Many states got rid of the concept of a common law marriage (which in states that still recognize it is proved by the couple's living together and holding themselves out as husband and wife) because of problems of proof. Mere cohabitation was never enough, nor was having kids. Those states preferred something more objective, like having the couple obtain a marriage license that is signed by someone authorized to conduct a civil marriage and that is filed of record. That way you don't need to find witnesses.
In any event, the government (via its court system) will still be "in the business of marriage" if it is ever called upon to determine who someone's spouse is.
If the fact that government courts might sometimes need to resolve the question of whether someone is or was "married" in order to dispose of some particular matter is sufficient to establish that government is (or should be) "in the business of marriage", then there is literally nothing that government is not (or should not be) "in the business" of, since a definition of any given thing might sometimes need to be addressed in a government court in order to dispose of some particular matter. Thus, if the aforementioned fact warrants the claim that the government is "in the business of marriage", then that claim is capable of meaning pretty much anything at all (or it is essentially meaningless, which amounts to the same thing).
Most marriages have always been in some way explicit, as well as documented and/or witnessed, etc., according to customary sensibilities, traditions, etc.

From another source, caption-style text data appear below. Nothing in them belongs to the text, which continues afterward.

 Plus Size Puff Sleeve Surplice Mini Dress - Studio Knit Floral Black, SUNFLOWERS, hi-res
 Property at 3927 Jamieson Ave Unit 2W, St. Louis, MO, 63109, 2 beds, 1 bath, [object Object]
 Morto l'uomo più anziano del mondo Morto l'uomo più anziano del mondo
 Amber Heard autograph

[1] (and this does not for that reason make them any less "objective" than politician-defined marriages). They are perfectly capable of being and remaining so without any need for politicians and bureaucrats to usurp the issue by arrogating to themselves sole (or even any) authority to define or "regularize" the issue for the sake of their own convenience (and power)
[2].
If there are those who (due to a lack of such explicitness, documentation, witnesses, etc.) find themselves unable to adequately establish their status as "spouses" to the satisfaction of some court, then that is their problem, not the court's (or, by extension, the government's). Let such people stand as a cautionary example for others, and as an incentive to avoid such problems in case of later disputes (that is, after all, exactly why marriage customs involving documentation, witnessing, etc. came to be adopted in the first place - not because some politicians thought it was a clever new idea no one had come up with before).

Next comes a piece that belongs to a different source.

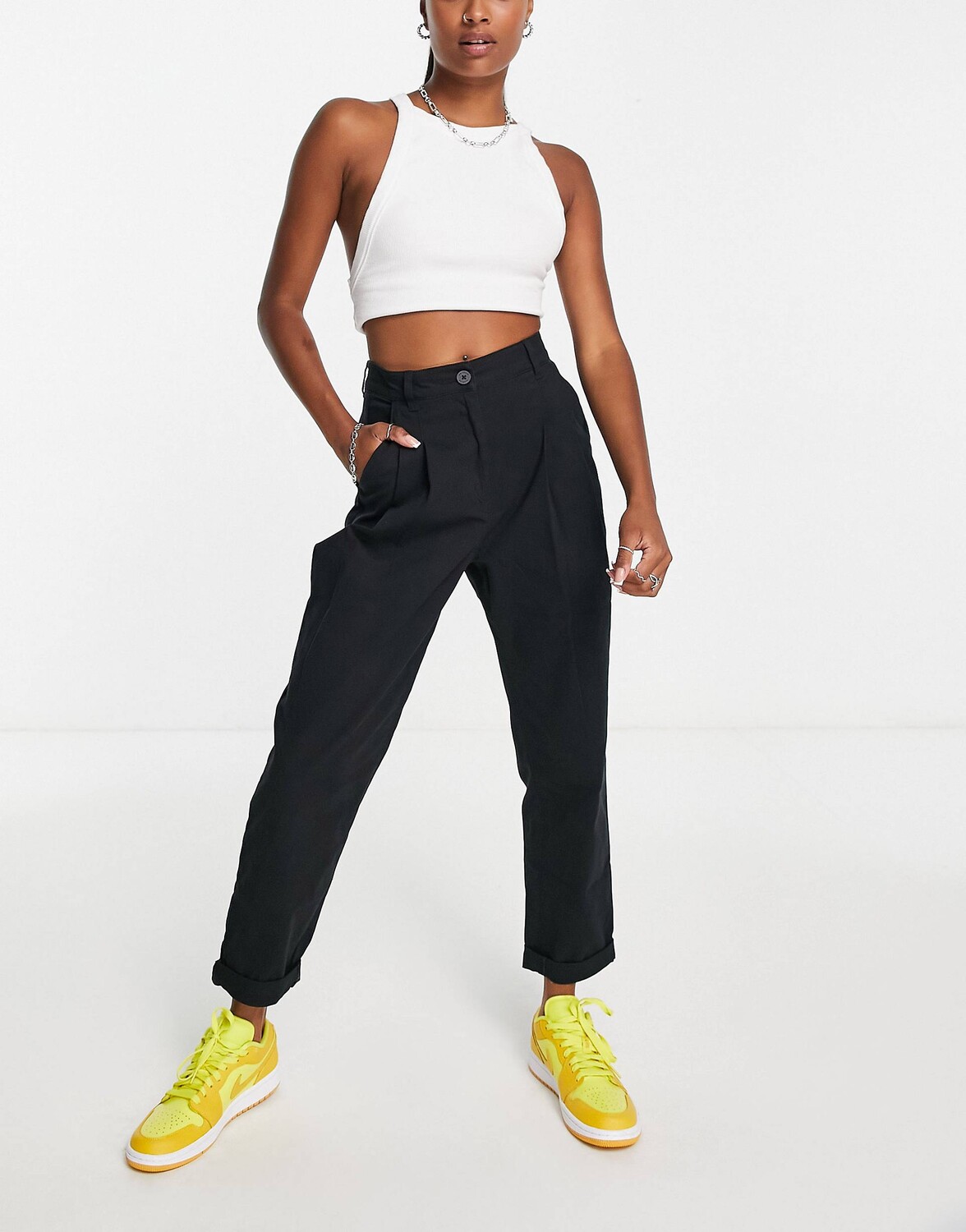 

Черные брюки чинос ASOS DESIGN Petite, Черный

[1] Such customs, traditions, etc. may (and almost certainly will) vary from time, place and/or culture to time, place and/or culture. For example, San Franciscans might well have different standards for what constitutes (or suffices to establish) a marriage than Peorians do - and that is just as it ought to be. Let the cosmopolitan be cosmopolitan and let the provincial be provincial. There are virtues and faults to be found in either, and outside of initiations of force or acts of aggression
[3], neither should be permitted to dictate to the other what it must value (or disvalue).
[2] For example, I am sure it is quite convenient to the state for there to be some state-appointed (or state-approved) persons who are exclusively "authorized to conduct a civil marriage" to the exclusion of all others (especially in order for the state to collect, compile, and control information about private citizens - or to wield greater power over whom is permitted to marry whom, as in the case of anti-miscegenation or anti-gay-marriage policies). I'm just not seeing why it is necessary (as distinct from convenient) in order to be able to adequately establish whether someone is or was married (which is quite able to be done without the involvement of superfluous, specially-authorized bureaucrats).
[3] And even in the matter of "initiations of force or acts of aggression", there will at the very least still be cultural and jurisprudential differences on the margins (e.g., over what are and are not "fighting words"). Libertarians
qua libertarians do not and can not have a "theory of everything", and neither do or can the feds (try as they might to the contrary) - and that includes things like "marriage".